• EXERCISE MATERIAL
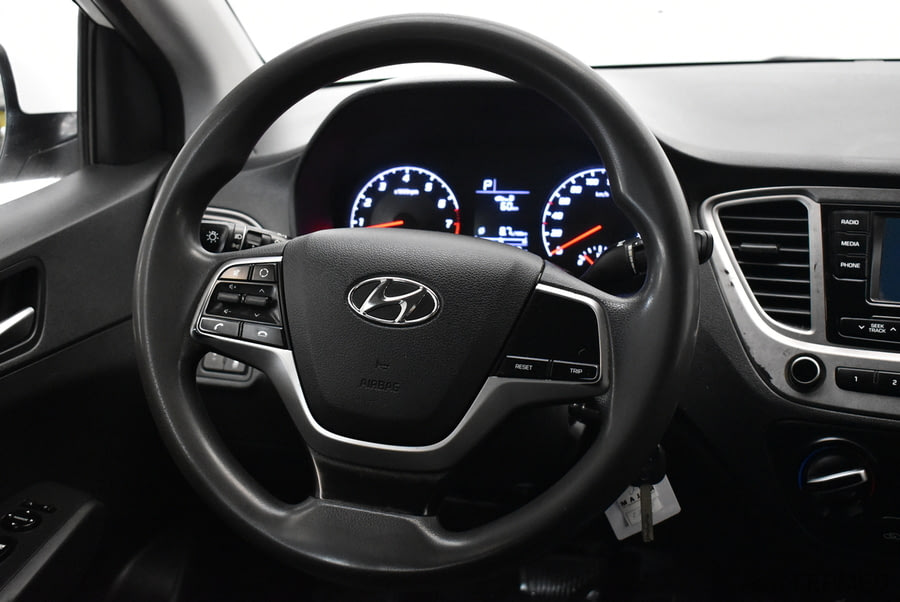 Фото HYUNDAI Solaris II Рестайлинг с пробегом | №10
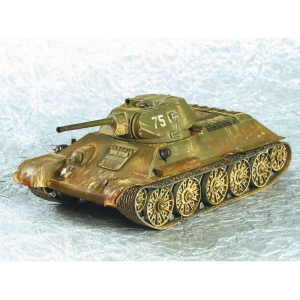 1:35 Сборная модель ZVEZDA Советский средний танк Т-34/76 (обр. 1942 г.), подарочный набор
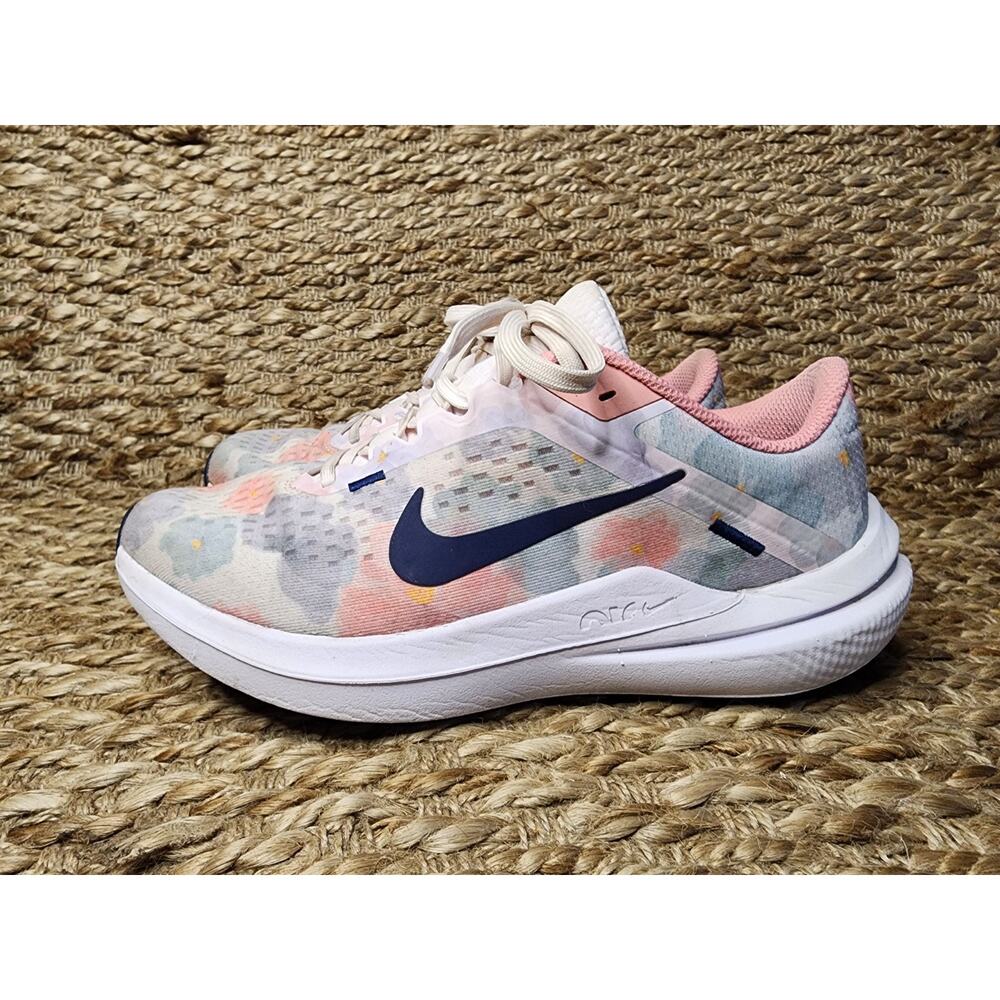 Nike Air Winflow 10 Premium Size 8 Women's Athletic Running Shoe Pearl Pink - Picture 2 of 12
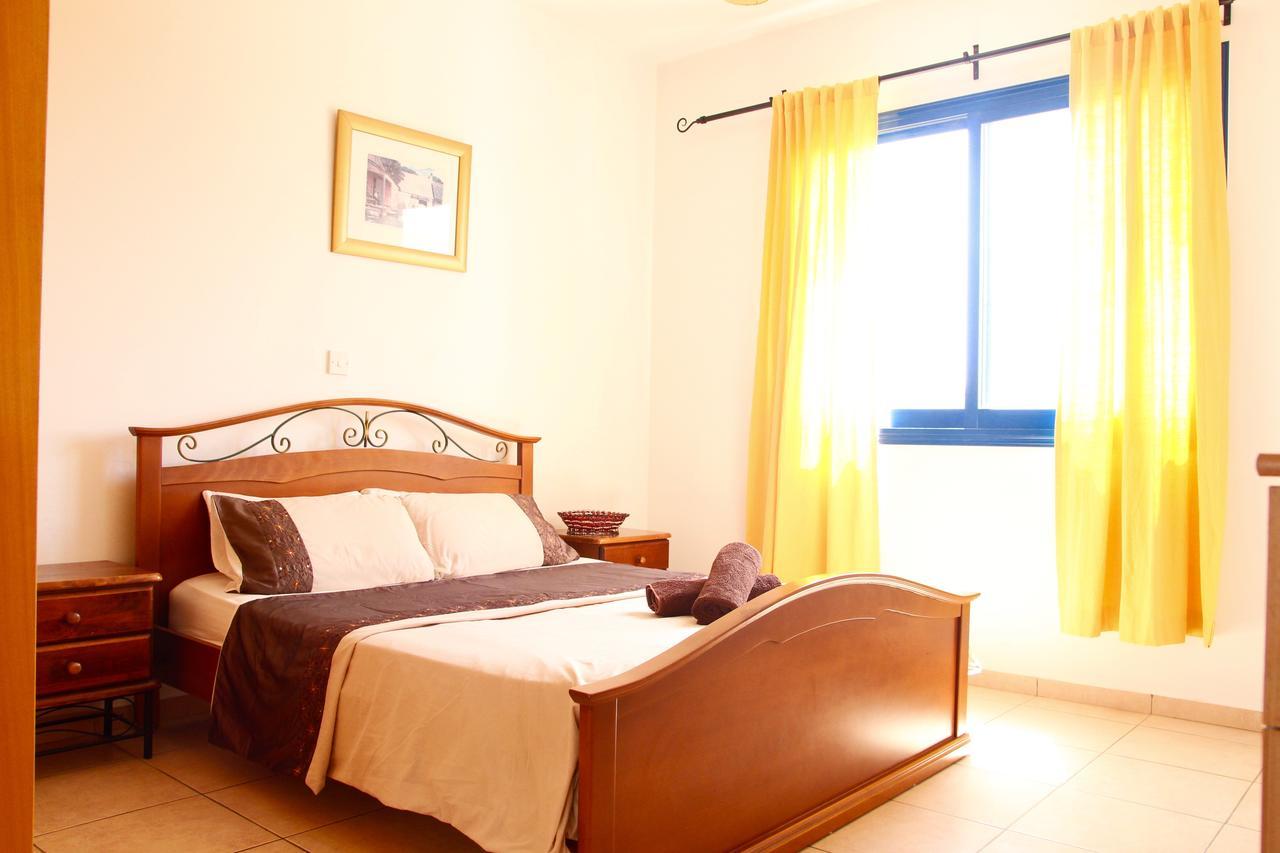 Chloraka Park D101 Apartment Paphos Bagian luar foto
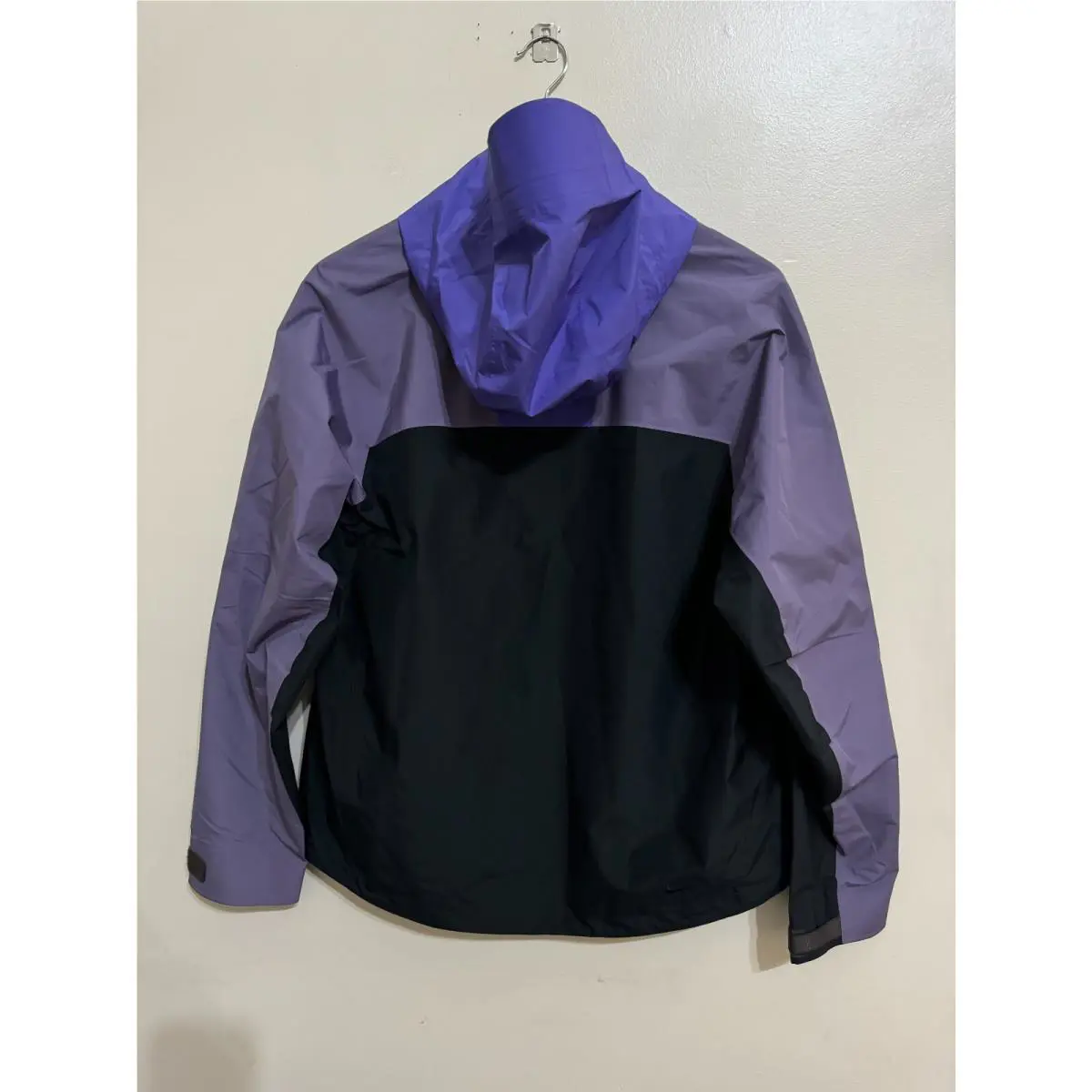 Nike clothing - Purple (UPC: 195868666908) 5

--

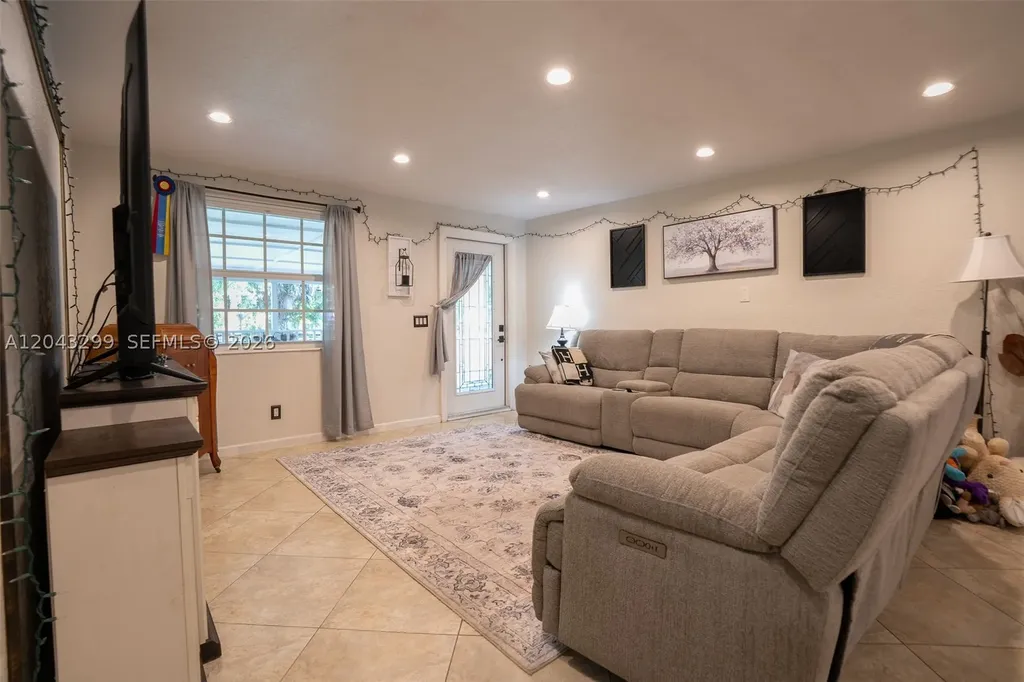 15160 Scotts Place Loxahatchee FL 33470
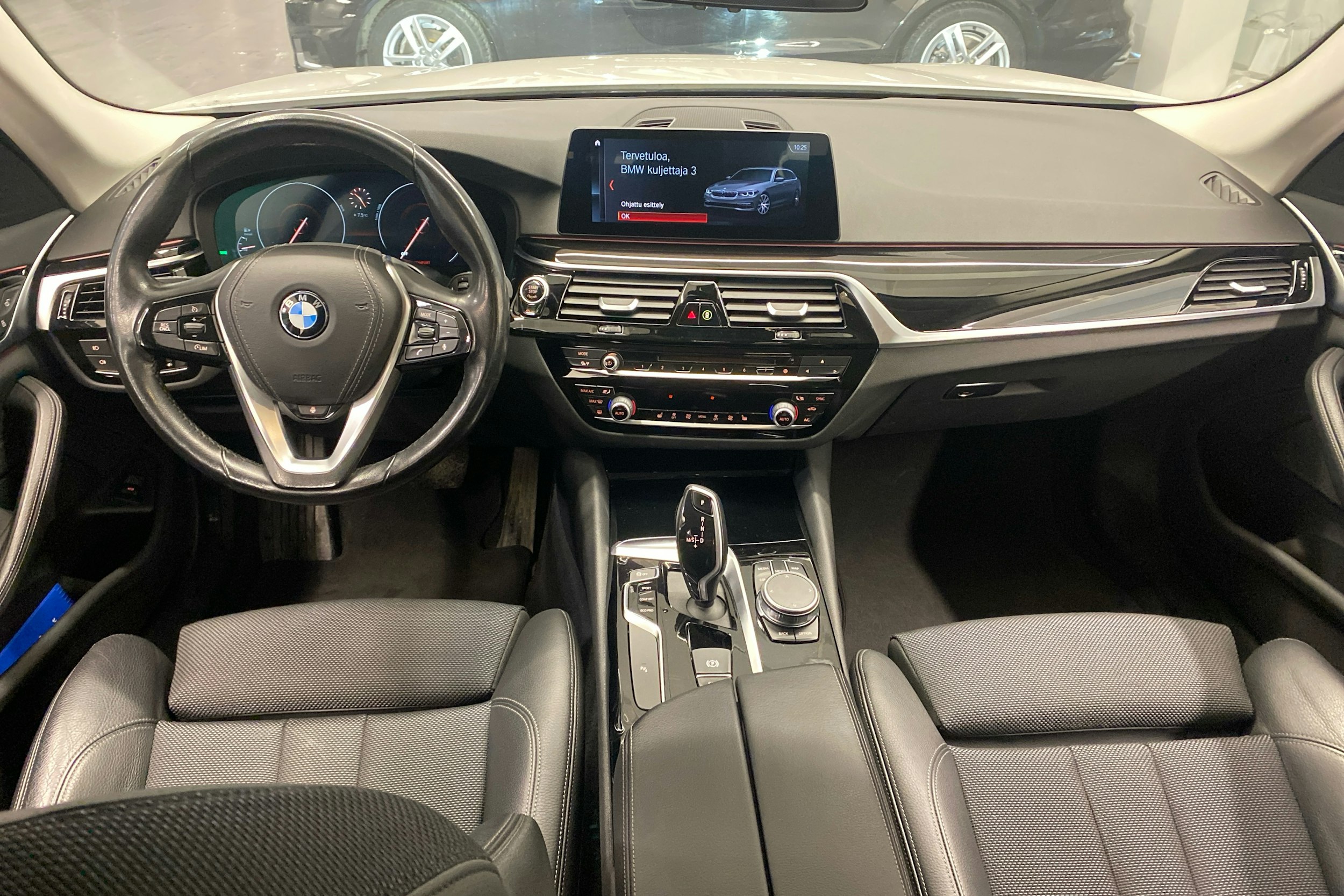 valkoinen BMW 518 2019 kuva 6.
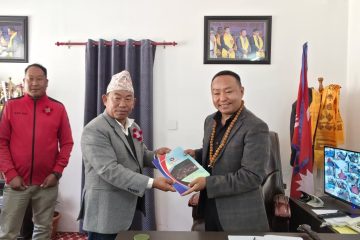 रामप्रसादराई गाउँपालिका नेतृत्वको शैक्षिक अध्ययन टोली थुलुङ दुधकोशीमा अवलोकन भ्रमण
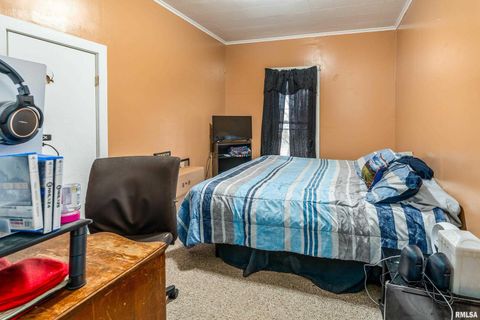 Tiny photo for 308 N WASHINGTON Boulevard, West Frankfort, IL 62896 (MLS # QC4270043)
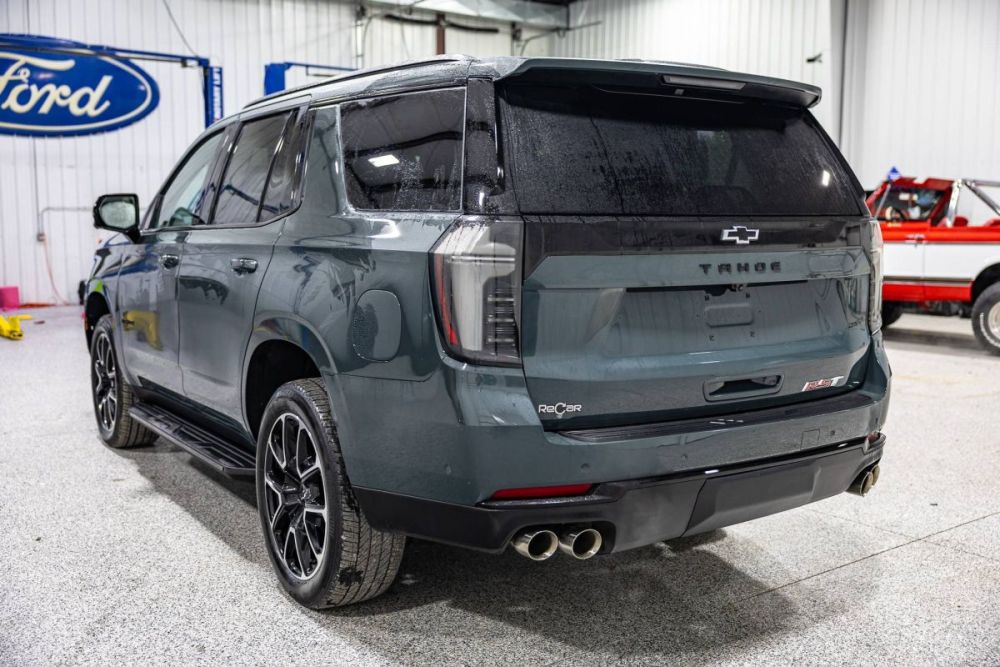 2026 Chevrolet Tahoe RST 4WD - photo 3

==

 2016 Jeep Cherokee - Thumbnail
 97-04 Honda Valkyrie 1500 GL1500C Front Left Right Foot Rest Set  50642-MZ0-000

• DIRECTIONS FOR THIS TASK
Only the lines above from the one containing "रामप्रसादराई गाउँपालिका नेतृत्वको" through the one containing "2026 Chevrolet Tahoe RST 4WD - photo 3" should be returned, verbatim and inclusive, with pictures excluded.

• ANSWER
 रामप्रसादराई गाउँपालिका नेतृत्वको शैक्षिक अध्ययन टोली थुलुङ दुधकोशीमा अवलोकन भ्रमण
 Tiny photo for 308 N WASHINGTON Boulevard, West Frankfort, IL 62896 (MLS # QC4270043)
 2026 Chevrolet Tahoe RST 4WD - photo 3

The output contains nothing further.